§ TO DO
Leave the pictures out and transcribe every record exactly.

§ TASK INPUT
⟨
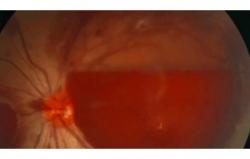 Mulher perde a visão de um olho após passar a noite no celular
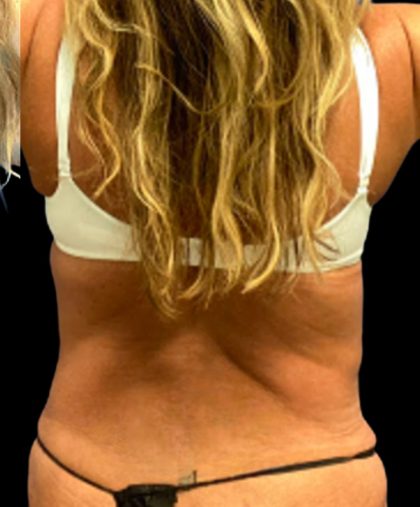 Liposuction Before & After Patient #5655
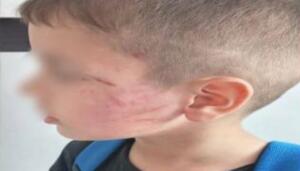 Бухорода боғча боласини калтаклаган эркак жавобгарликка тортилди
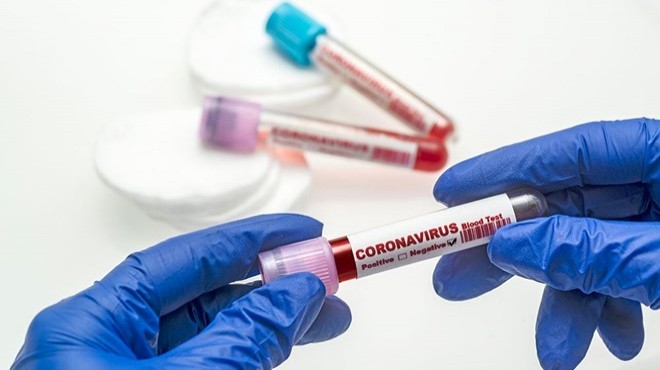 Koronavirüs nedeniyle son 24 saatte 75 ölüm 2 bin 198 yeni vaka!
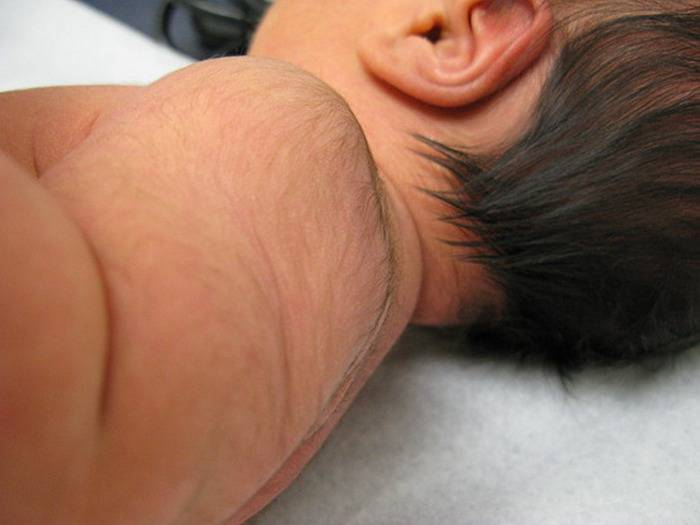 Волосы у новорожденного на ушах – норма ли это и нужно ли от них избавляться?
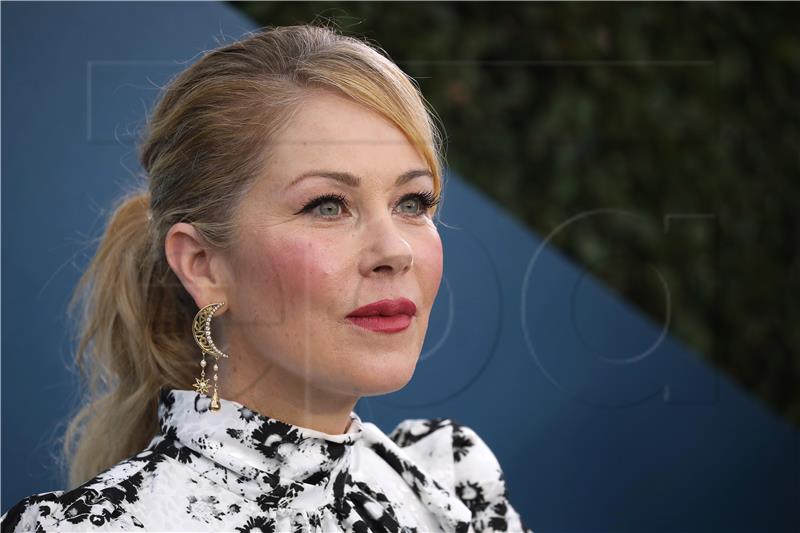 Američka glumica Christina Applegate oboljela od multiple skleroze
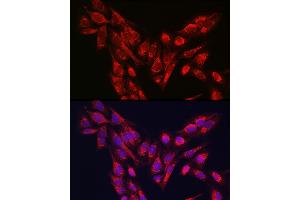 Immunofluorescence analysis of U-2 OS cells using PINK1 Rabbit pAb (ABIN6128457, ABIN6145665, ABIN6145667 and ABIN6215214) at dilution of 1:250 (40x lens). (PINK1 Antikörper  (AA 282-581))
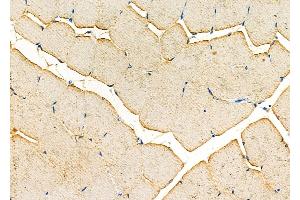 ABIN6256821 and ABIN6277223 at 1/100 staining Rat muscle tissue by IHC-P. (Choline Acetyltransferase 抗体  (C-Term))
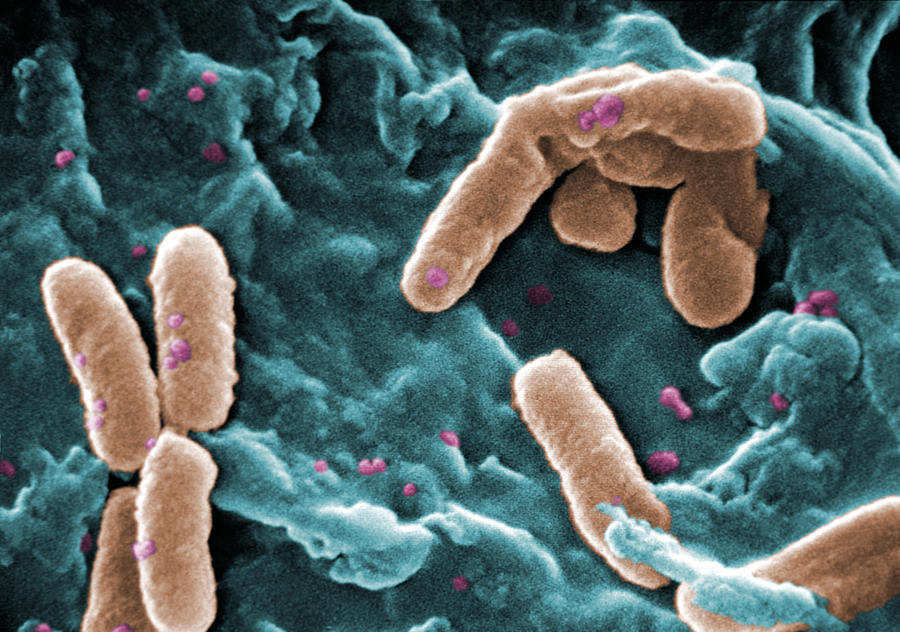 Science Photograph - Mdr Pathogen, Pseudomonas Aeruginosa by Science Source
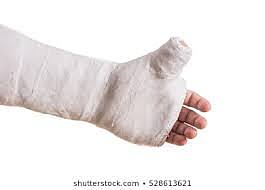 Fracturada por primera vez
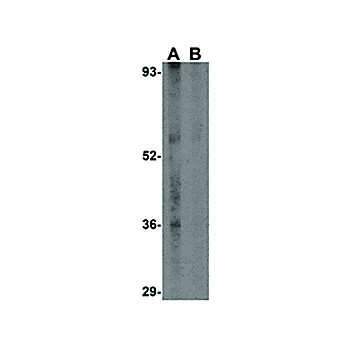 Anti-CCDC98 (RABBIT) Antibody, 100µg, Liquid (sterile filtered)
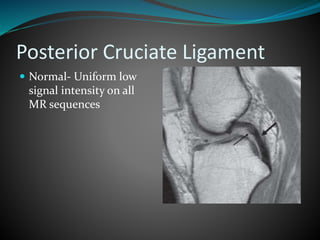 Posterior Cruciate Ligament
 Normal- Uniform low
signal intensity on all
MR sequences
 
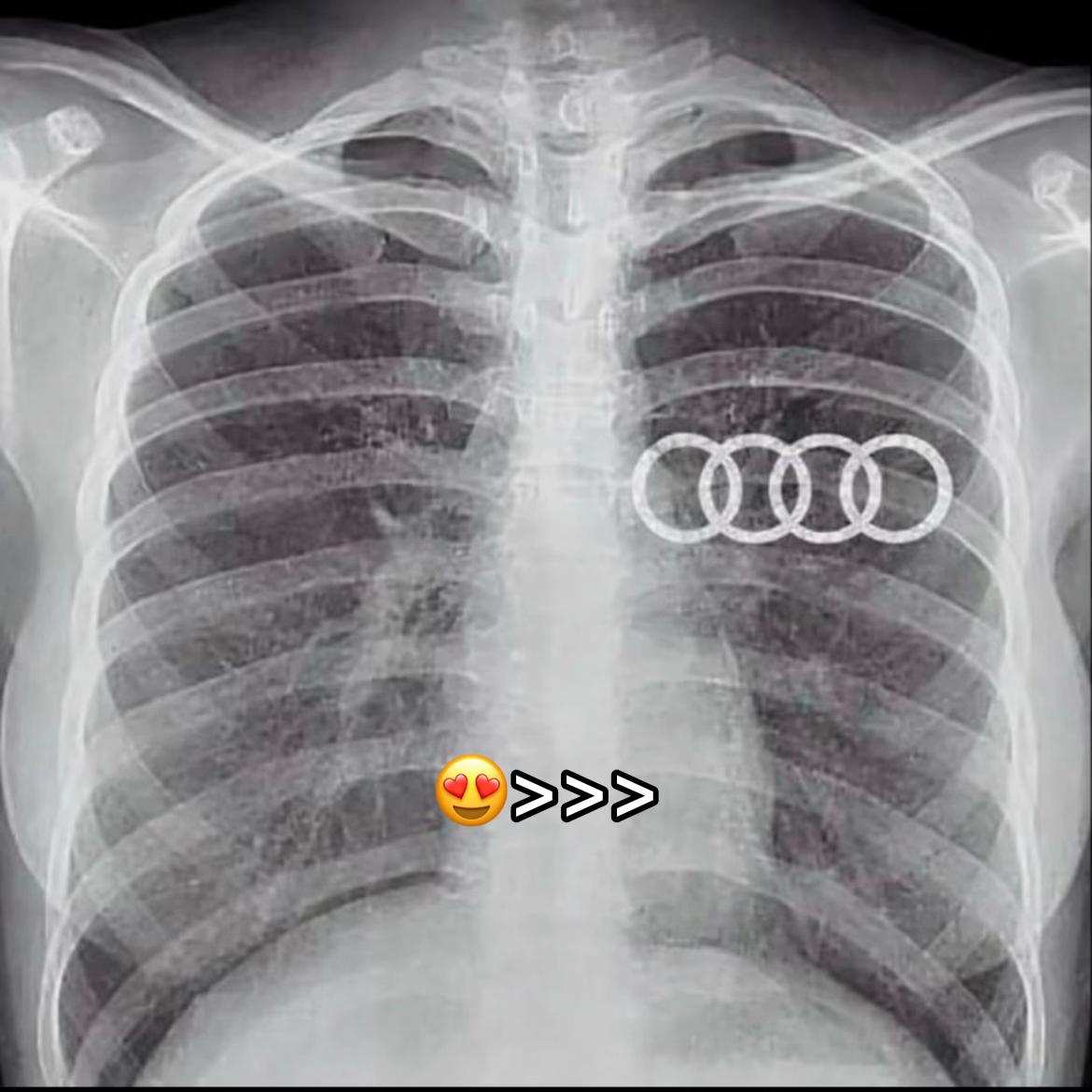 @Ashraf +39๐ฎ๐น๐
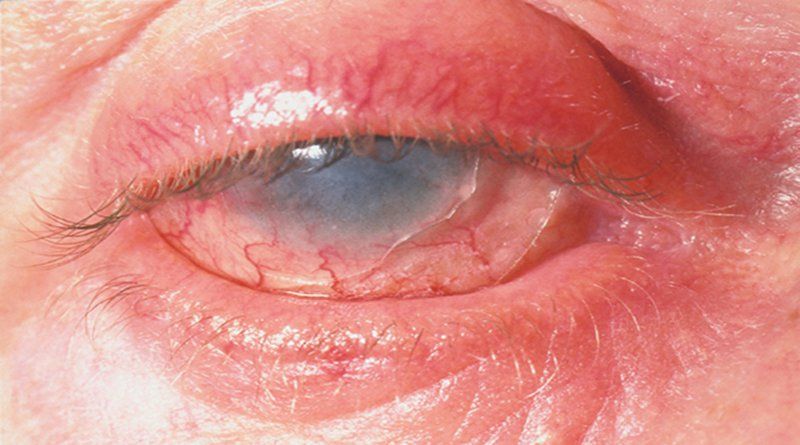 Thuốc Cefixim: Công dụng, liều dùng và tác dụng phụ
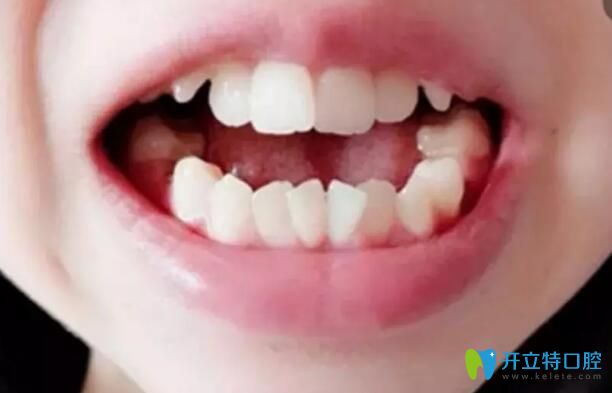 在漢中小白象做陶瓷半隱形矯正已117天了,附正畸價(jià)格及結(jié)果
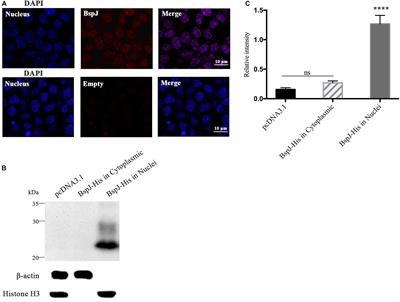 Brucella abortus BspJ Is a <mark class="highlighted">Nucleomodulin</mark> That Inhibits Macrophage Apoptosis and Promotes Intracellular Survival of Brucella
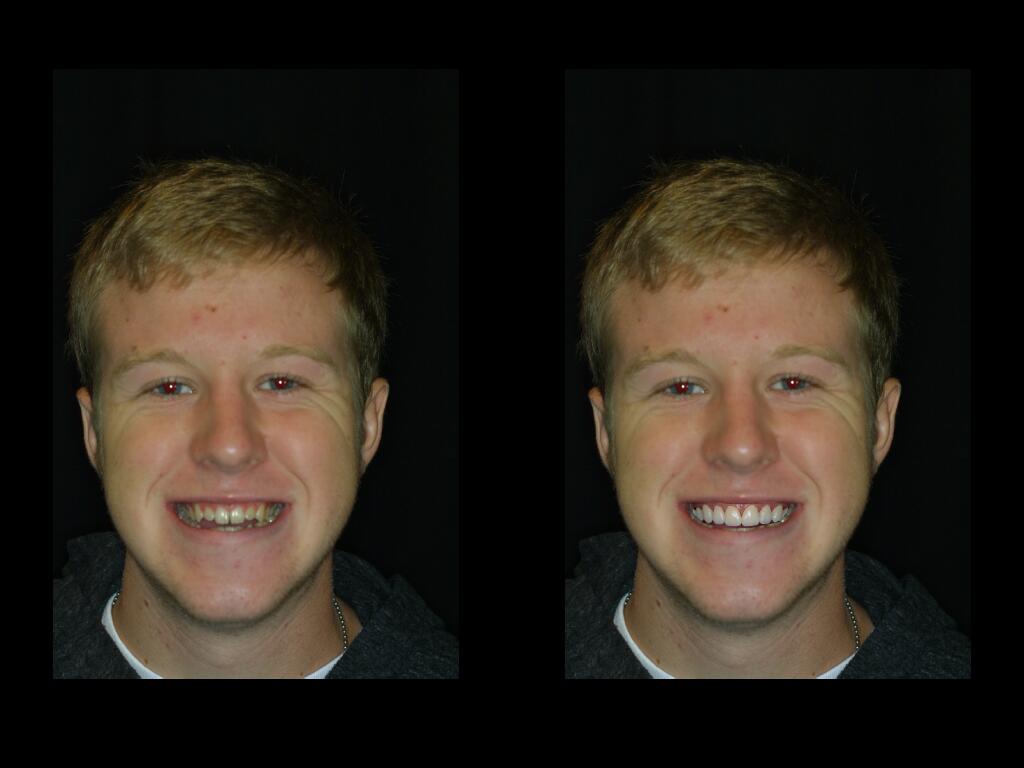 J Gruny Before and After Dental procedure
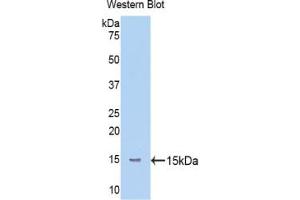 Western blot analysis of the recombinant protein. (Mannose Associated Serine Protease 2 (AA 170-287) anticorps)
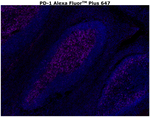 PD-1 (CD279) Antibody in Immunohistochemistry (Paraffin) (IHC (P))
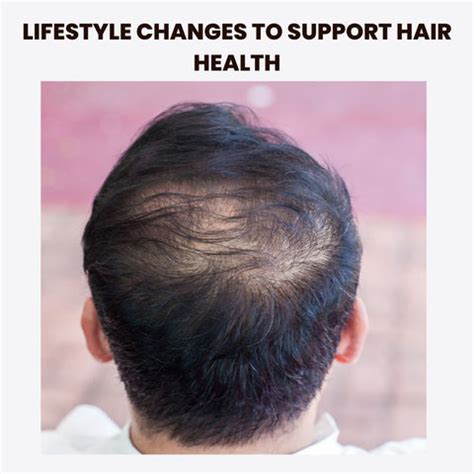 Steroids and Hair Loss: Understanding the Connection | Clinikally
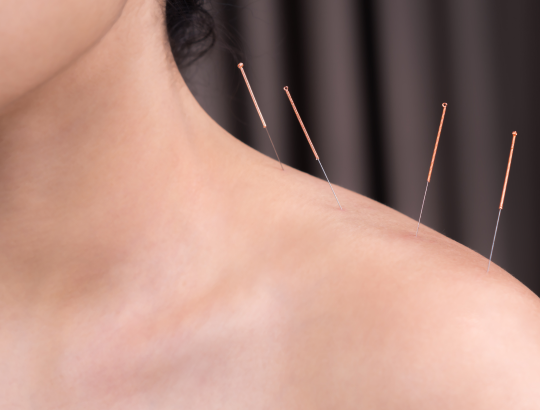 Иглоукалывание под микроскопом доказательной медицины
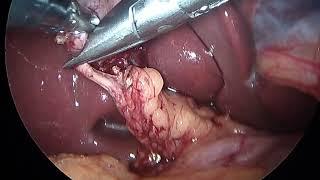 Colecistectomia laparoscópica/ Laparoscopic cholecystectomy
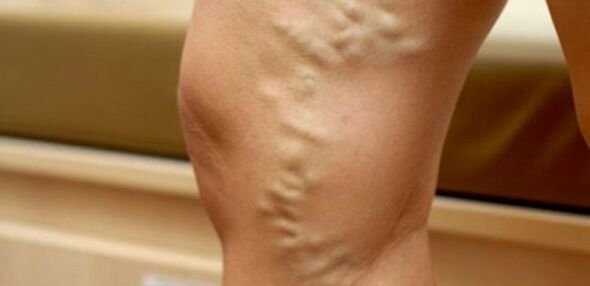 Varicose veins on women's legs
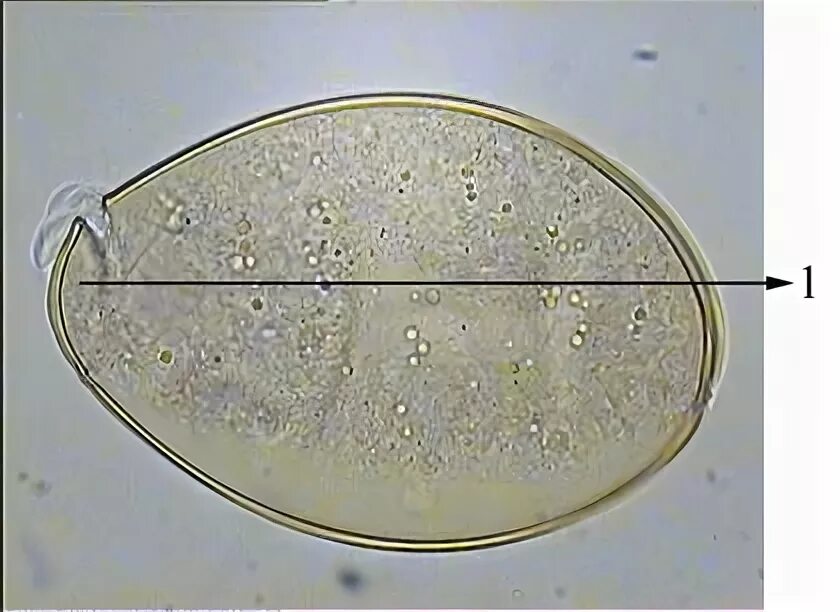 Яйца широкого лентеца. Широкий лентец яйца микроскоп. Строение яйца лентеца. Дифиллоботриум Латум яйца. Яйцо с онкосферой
⟩
§ THE ANSWER
 Mulher perde a visão de um olho após passar a noite no celular
 Liposuction Before & After Patient #5655
 Бухорода боғча боласини калтаклаган эркак жавобгарликка тортилди
 Koronavirüs nedeniyle son 24 saatte 75 ölüm 2 bin 198 yeni vaka!
 Волосы у новорожденного на ушах – норма ли это и нужно ли от них избавляться?
 Američka glumica Christina Applegate oboljela od multiple skleroze
 Immunofluorescence analysis of U-2 OS cells using PINK1 Rabbit pAb (ABIN6128457, ABIN6145665, ABIN6145667 and ABIN6215214) at dilution of 1:250 (40x lens). (PINK1 Antikörper  (AA 282-581))
 ABIN6256821 and ABIN6277223 at 1/100 staining Rat muscle tissue by IHC-P. (Choline Acetyltransferase 抗体  (C-Term))
 Science Photograph - Mdr Pathogen, Pseudomonas Aeruginosa by Science Source
 Fracturada por primera vez
 Anti-CCDC98 (RABBIT) Antibody, 100µg, Liquid (sterile filtered)
 Posterior Cruciate Ligament
 Normal- Uniform low
signal intensity on all
MR sequences
 
 @Ashraf +39๐ฎ๐น๐
 Thuốc Cefixim: Công dụng, liều dùng và tác dụng phụ
 在漢中小白象做陶瓷半隱形矯正已117天了,附正畸價(jià)格及結(jié)果
 Brucella abortus BspJ Is a <mark class="highlighted">Nucleomodulin</mark> That Inhibits Macrophage Apoptosis and Promotes Intracellular Survival of Brucella
 J Gruny Before and After Dental procedure
 Western blot analysis of the recombinant protein. (Mannose Associated Serine Protease 2 (AA 170-287) anticorps)
 PD-1 (CD279) Antibody in Immunohistochemistry (Paraffin) (IHC (P))
 Steroids and Hair Loss: Understanding the Connection | Clinikally
 Иглоукалывание под микроскопом доказательной медицины
 Colecistectomia laparoscópica/ Laparoscopic cholecystectomy
 Varicose veins on women's legs
 Яйца широкого лентеца. Широкий лентец яйца микроскоп. Строение яйца лентеца. Дифиллоботриум Латум яйца. Яйцо с онкосферой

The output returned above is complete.